A simple script 'batch_curve' is provided with the distribution that will process all the data files in the current working directory with a designated extension as part of their file names. Output files will be written to disk and the fitted data will be displayed using XMGR. After viewing a given data set, exit XMGR to enable the script to proceed to the next data set. For example, the command
batch_curve DATA

will fit all files with names of the form string.DATA and produce output files string.DATA.out.

Reference

The linear least squares algorithm, non-linear Levenberg-Marquardt fitting algorithm and Monte Carlo simulation procedure are adapted from the text Numerical Recipes (Press, et al, 1992). This source should be consulted for additional information concerning the algorithms. The jackknife simulation procedure is described in Data Analysis and Regression. A Second Course in Statistics (Mosteller and Tukey, 1977).

The Function Library

The library of defined functions is maintained in the file funclib.f. This file contains three FORTRAN subprograms that must be modified to add additional functions the the library. The proper locations for modifying the funclib.f file are indicated in the file itself.

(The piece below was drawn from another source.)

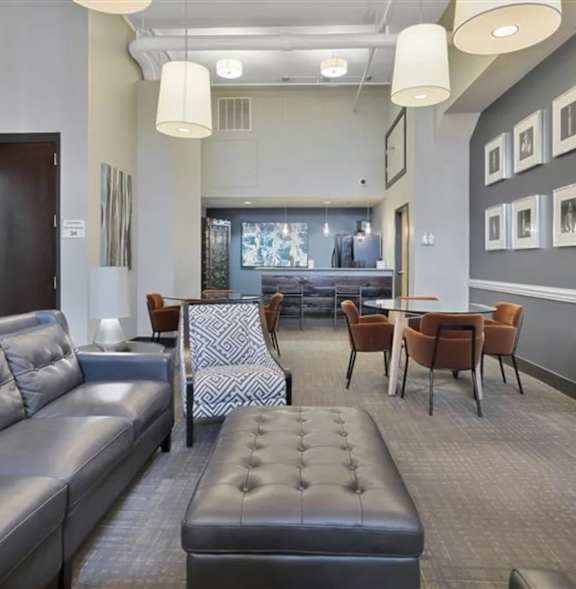 A modern living room with a grey sofa and a patterned chair.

initf(nfuncs,fnames,feqs,nparms,parnam)

This subroutine provides basic information concerning the defined functions. To add a function, perform the following steps:

func(fname,x,a,M)

This subroutine returns the value of the function fname at a point x. New functions are added by adding an 'elseif' block in the subroutine:
      elseif (fname.eq.'string') then
          func='expression'
in which string is the function name and expression is the FORTRAN representation of the function. The parameters of the function are a(1) to a(M).

fgrad(fname,x,a,dyda,M)

This routine returns an array dyda containing the derivatives of the function fname with respect to the parameters a(1) to a(M) at the point x. New functions are added by adding an 'elseif' block in the subroutine:
      elseif (fname.eq.'string') then
          dyda(1)='expression'
                .
                .
                .
          dyda(M)='expression'
in which string is the function name and expression is the FORTRAN representation of the derivatives of the function with respect to a(1) to a(M).

Compilation

The program is written in FORTRAN 77 and is compiled simply by typing make on the command line. If the software is being compiled for a workstation other than an SGI, then the routine getseed.f must be modified to read the system clock (to obtain a random number seed). As discussed below, the BLAS library must be installed on the workstation.

License

Copyright (C) 1998 Arthur G. Palmer

Arthur G. Palmer
Department of Biochemistry and Molecular Biophysics
Columbia University
630 West 168th Street
New York, NY 10032

email: agp6@columbia.edu

This program is free software; you can redistribute it and/or modify it under the terms of the GNU General Public License as published by the Free Software Foundation; either version 2 of the License, or any later version.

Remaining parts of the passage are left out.